TASK DETAILS:
Pictures must not appear in the copy. Restate exactly the lines below from the one with "Triple Room photo 2" through the one with "Visit our Facebook", inclusive.

DATA SHOWN:
# # # #

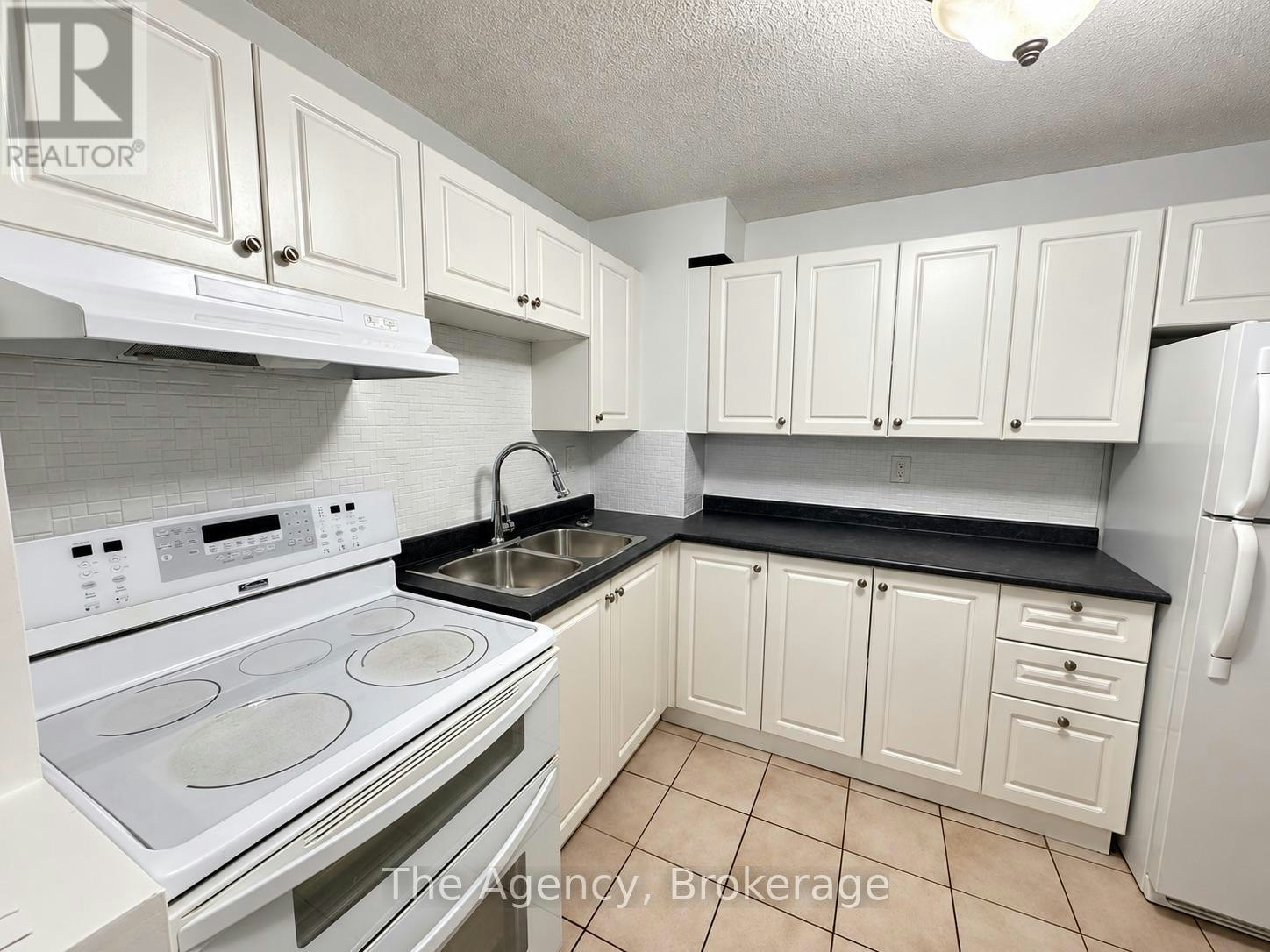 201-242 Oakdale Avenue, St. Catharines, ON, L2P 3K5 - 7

# # # #

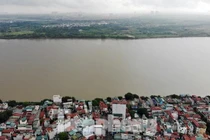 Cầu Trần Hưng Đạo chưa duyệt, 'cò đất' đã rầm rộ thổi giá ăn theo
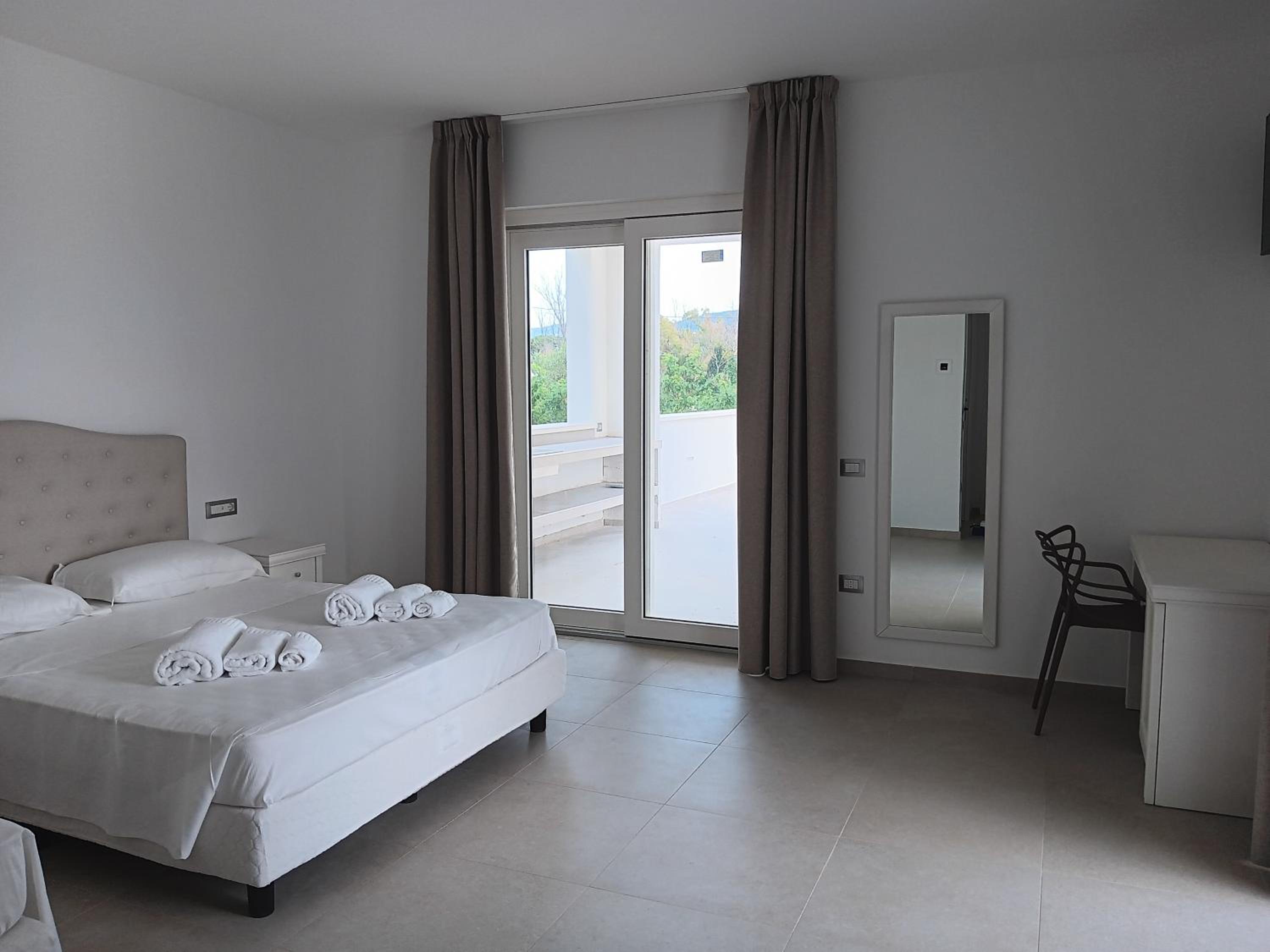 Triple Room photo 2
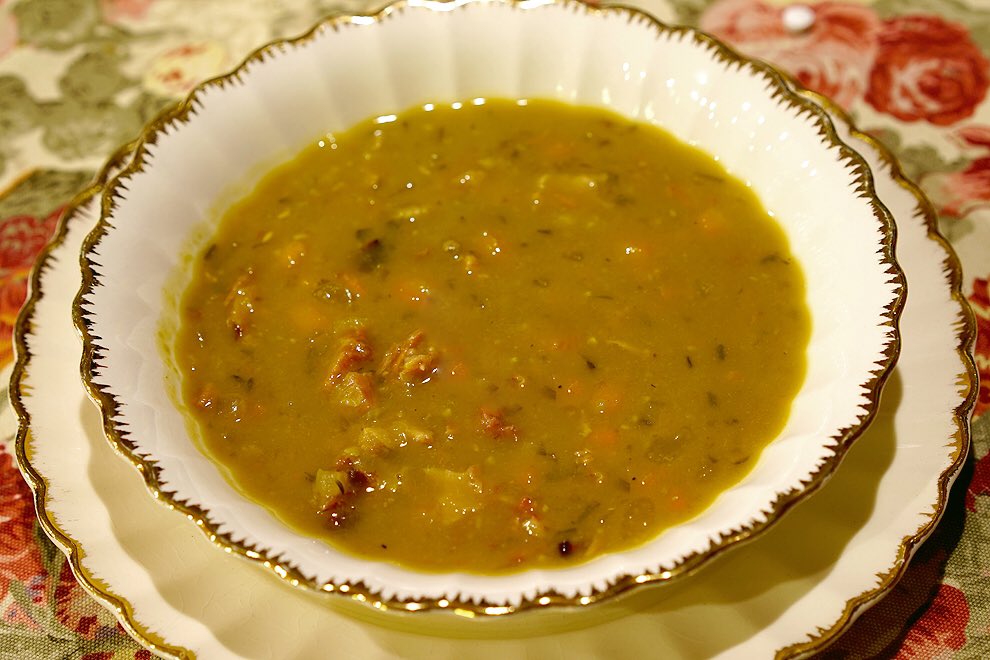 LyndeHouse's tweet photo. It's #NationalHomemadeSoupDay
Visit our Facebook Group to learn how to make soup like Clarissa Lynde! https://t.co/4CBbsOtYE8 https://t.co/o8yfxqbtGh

# # # #

SOLUTION TO THIS PROBLEM:
 Triple Room photo 2
 LyndeHouse's tweet photo. It's #NationalHomemadeSoupDay
Visit our Facebook Group to learn how to make soup like Clarissa Lynde! https://t.co/4CBbsOtYE8 https://t.co/o8yfxqbtGh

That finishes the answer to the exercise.